The Bank of Ghana (BoG) for the third consecutive time this year has maintained the Monetary Policy Rate (MPR) rate at 17 per cent.

Speaking at a news conference by the Monetary Policy Committee of the BoG to announce the new MPR, the Governor said the decision to maintain the MPR was influenced by the stability of the Ghanaian economy and the continuous disinflation process.

He explained that the country’s disinflation had continued, albeit, in a slower pace, stressing that headline inflation had decelerated to 9.5 per cent in October 2018 and well within the target band of eight plus or minus two per cent.

“The decline in inflation observed in the year so far has been driven in large part by a steady decline in non-food inflation, on the back of relatively tight monetary space.  Non-food inflation fell by 3.9 per cent points to 9.8 per cent in October 2018, the lowest since July 1992,” he said, adding that “a similar trend was observed in all the core measures of inflation monitored by the BoG, indicating easing underlying inflation pressures.”

The Governor said economic  activity continued to pick up although, the trend remained below potential, explaining that the bank’s real Composite Index of Economic Activity (CIEA) recorded an annual growth of 4.2 per cent in September 2018, compared with 4.0 in the corresponding period of 2017.

He said the pick-up in economic activity was mainly supported by exports, industrial consumption of electricity, private sector credit expansion, domestic VAT, and key manufacturing sales.

Dr. Addison stated that the overall rebased Gross Domestic Product growth rate for 2018 was projected at 5.6 per cent, based on the half-year performance of the economy, with strong quarterly GDP growth turning in at 5.4 per cent for the first two quarters of the year, stressing that “this compares with an overall growth of 8.1 per cent recorded in 2017”.

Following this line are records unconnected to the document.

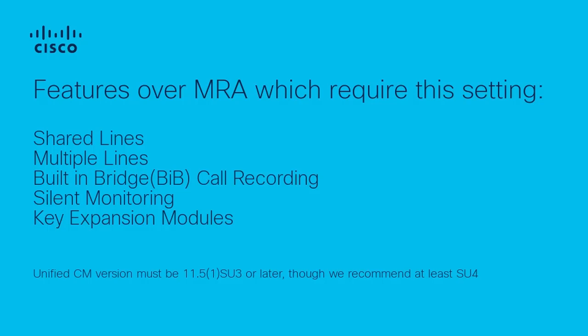Before enabling this configuration, your Unified CM version must be 11.5.1 SU3 or later, though we recommend at least SU4.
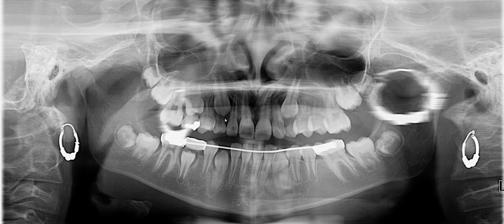As for the maxillary canine, it's a little harder to tell. You could argue that the cusp tip of number 11 is ever so slightly lower than that of number 6, but they are very, very close to one another.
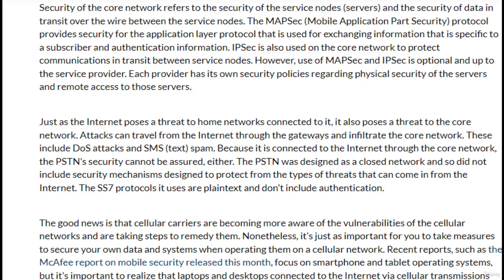Security of the core network refers to the security of the service node servers and the security of data in transit over the wire between those service nodes. The MAPsec protocol provides security for the application layer protocol used for exchanging subscriber-specific and authentication information. IPsec is also used on the core network to protect communications in transit between service nodes. However, use of MAPsec and IPsec is optional and up to the service provider, which has its own security policies regarding physical security of servers and remote access to those servers.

The Governor said provisional data on the execution of the budget indicated an overall fiscal deficit of 3.0 per cent of rebased GDP in September 2018, above the target of 2.6 per cent, as revenue and grants were below the programme target.

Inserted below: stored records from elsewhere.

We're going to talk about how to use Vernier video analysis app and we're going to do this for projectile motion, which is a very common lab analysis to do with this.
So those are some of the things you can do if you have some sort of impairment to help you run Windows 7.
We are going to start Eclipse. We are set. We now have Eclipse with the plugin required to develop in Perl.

Total revenue and grants in the year under review, he said amounted to GHȻ32.2 billion (10.8 per cent of rebased GDP) compared with the programme target of GHȻ35.6 billion (11.9 per cent of rebased GDP), while total expenditures, including arrears clearance was GHȻ 41.3 billion (13.8 per cent of rebased GDP), marginally below the target of GHȻ43.4 billion (14.5 of rebased GDP) and the deficit was financed from both domestic and external sources.

Dr Addison said total public debt increased to 57.2 per cent of GDP (GHȻ170 billion) at the end of September 2018 from 54.1 per cent of rebased GDP (GHȻ138.8 billion) in the same period a year earlier and indicated that of the total public debt, domestic was GHȻ84.2 billion and external GHȻ86.6 billion.

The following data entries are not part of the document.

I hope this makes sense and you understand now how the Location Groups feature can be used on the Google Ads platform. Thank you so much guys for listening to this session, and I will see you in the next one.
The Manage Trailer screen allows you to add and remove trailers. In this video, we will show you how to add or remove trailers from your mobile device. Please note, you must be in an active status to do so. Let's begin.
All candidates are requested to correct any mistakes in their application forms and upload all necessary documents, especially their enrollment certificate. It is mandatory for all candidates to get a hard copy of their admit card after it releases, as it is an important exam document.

On the banking front, the Governor disclosed that  the sector’s total assets increased to GHȻ106.3 billion in October 2018; represent a year-on-year growth of 19.6 per cent, saying the banking sector was solid, liquid and profitable.

Dr Addison indicated that the strengthening of the US dollar in the international market had exerted pressed on currencies in emerging markets and frontier economies, including Ghana.

The cedi, he said as at November 22 had cumulatively depreciated by 7.8 per cent, compared with 4.6 per cent depreciation in the same period last year.

“In real terms, the cedi remained broadly in line with the underlying fundamentals.  The real effective exchange rate, in trade-weighted terms, remained within the band of plus or minus two per cent standard deviation,” he said.